DATA FOR THIS EXERCISE START
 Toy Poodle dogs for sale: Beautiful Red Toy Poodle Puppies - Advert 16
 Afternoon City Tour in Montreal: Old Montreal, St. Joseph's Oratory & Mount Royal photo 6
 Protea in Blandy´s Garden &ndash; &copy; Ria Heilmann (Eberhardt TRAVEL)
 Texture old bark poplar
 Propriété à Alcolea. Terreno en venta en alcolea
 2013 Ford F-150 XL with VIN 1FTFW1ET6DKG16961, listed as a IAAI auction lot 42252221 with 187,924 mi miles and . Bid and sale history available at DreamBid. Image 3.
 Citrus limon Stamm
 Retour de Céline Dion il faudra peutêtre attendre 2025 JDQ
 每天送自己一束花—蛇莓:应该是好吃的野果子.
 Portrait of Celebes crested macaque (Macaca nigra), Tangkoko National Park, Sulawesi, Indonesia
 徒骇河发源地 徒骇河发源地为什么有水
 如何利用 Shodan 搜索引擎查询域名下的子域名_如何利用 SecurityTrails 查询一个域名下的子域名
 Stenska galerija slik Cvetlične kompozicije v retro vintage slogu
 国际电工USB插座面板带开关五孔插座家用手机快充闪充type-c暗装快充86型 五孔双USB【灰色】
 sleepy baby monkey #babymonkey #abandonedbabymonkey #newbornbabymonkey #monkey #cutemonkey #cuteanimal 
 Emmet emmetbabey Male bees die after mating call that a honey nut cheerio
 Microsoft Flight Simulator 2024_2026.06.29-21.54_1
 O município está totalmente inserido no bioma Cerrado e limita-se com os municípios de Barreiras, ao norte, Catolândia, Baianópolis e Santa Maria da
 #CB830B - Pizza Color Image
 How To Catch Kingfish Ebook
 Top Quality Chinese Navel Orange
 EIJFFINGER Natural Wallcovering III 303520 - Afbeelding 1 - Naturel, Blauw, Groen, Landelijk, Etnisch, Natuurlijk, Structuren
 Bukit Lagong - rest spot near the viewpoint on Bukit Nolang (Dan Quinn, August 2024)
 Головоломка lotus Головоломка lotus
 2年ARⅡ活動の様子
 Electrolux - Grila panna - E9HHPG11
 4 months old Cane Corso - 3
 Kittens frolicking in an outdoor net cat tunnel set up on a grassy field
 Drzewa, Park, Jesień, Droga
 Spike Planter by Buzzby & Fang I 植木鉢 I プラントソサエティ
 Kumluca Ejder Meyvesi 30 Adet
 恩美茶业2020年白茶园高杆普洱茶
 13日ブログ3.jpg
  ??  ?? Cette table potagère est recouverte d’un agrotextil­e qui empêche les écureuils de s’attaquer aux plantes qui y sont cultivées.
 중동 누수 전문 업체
DATA FOR THIS EXERCISE END
• [TASK BRIEF]: Look above for the line holding "Portrait of Celebes" and the line holding "How To Catch Kingfish Ebook". Retype both, and every line between them, word for word and nothing else.

• [YOUR RESPONSE]:
 Portrait of Celebes crested macaque (Macaca nigra), Tangkoko National Park, Sulawesi, Indonesia
 徒骇河发源地 徒骇河发源地为什么有水
 如何利用 Shodan 搜索引擎查询域名下的子域名_如何利用 SecurityTrails 查询一个域名下的子域名
 Stenska galerija slik Cvetlične kompozicije v retro vintage slogu
 国际电工USB插座面板带开关五孔插座家用手机快充闪充type-c暗装快充86型 五孔双USB【灰色】
 sleepy baby monkey #babymonkey #abandonedbabymonkey #newbornbabymonkey #monkey #cutemonkey #cuteanimal 
 Emmet emmetbabey Male bees die after mating call that a honey nut cheerio
 Microsoft Flight Simulator 2024_2026.06.29-21.54_1
 O município está totalmente inserido no bioma Cerrado e limita-se com os municípios de Barreiras, ao norte, Catolândia, Baianópolis e Santa Maria da
 #CB830B - Pizza Color Image
 How To Catch Kingfish Ebook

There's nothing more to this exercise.